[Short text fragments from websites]
····················

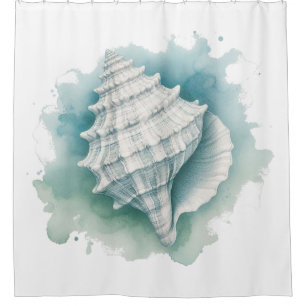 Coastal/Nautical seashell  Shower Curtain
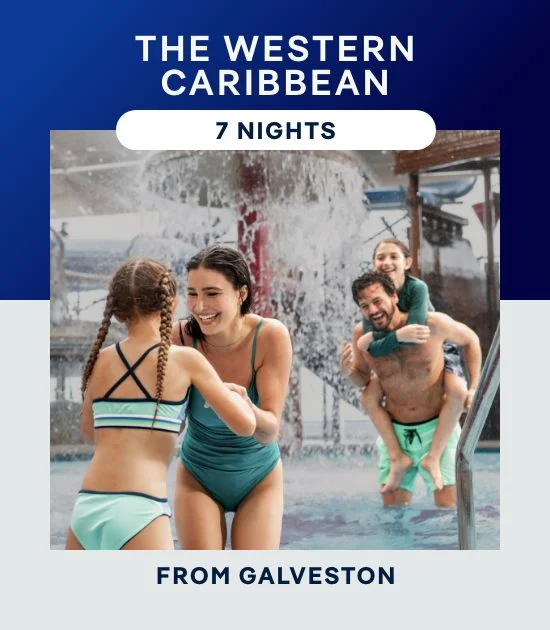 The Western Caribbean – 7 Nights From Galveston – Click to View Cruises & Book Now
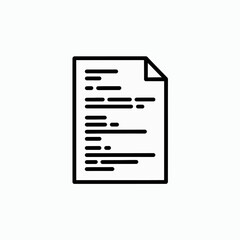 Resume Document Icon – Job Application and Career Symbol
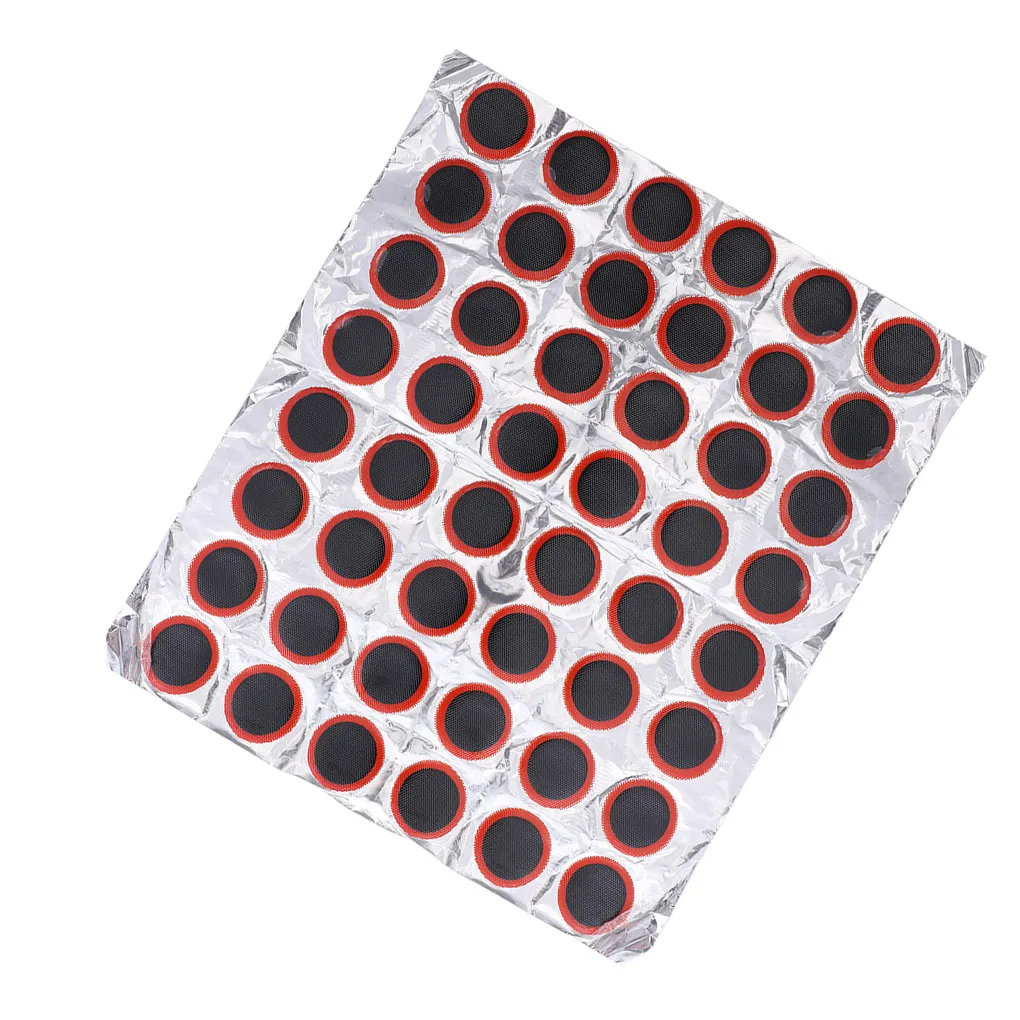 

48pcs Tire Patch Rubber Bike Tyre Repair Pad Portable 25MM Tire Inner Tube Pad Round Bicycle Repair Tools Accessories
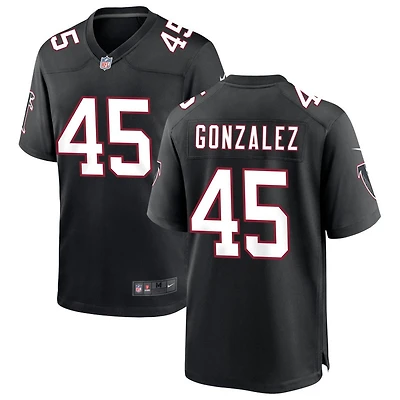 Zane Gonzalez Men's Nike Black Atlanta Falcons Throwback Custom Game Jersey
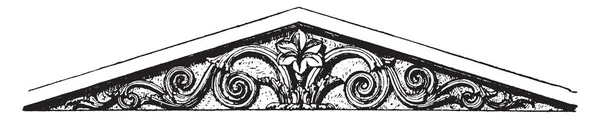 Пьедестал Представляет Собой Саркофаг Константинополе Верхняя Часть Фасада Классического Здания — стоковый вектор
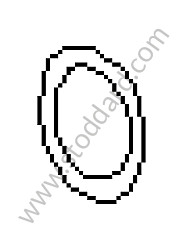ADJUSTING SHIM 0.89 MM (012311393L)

····················

#### [Required work]
The reply must consist of the records, repeated exactly, minus any images.

#### [Answer to this task]
 Coastal/Nautical seashell  Shower Curtain
 The Western Caribbean – 7 Nights From Galveston – Click to View Cruises & Book Now
 Resume Document Icon – Job Application and Career Symbol

48pcs Tire Patch Rubber Bike Tyre Repair Pad Portable 25MM Tire Inner Tube Pad Round Bicycle Repair Tools Accessories
 Zane Gonzalez Men's Nike Black Atlanta Falcons Throwback Custom Game Jersey
 Пьедестал Представляет Собой Саркофаг Константинополе Верхняя Часть Фасада Классического Здания — стоковый вектор
ADJUSTING SHIM 0.89 MM (012311393L)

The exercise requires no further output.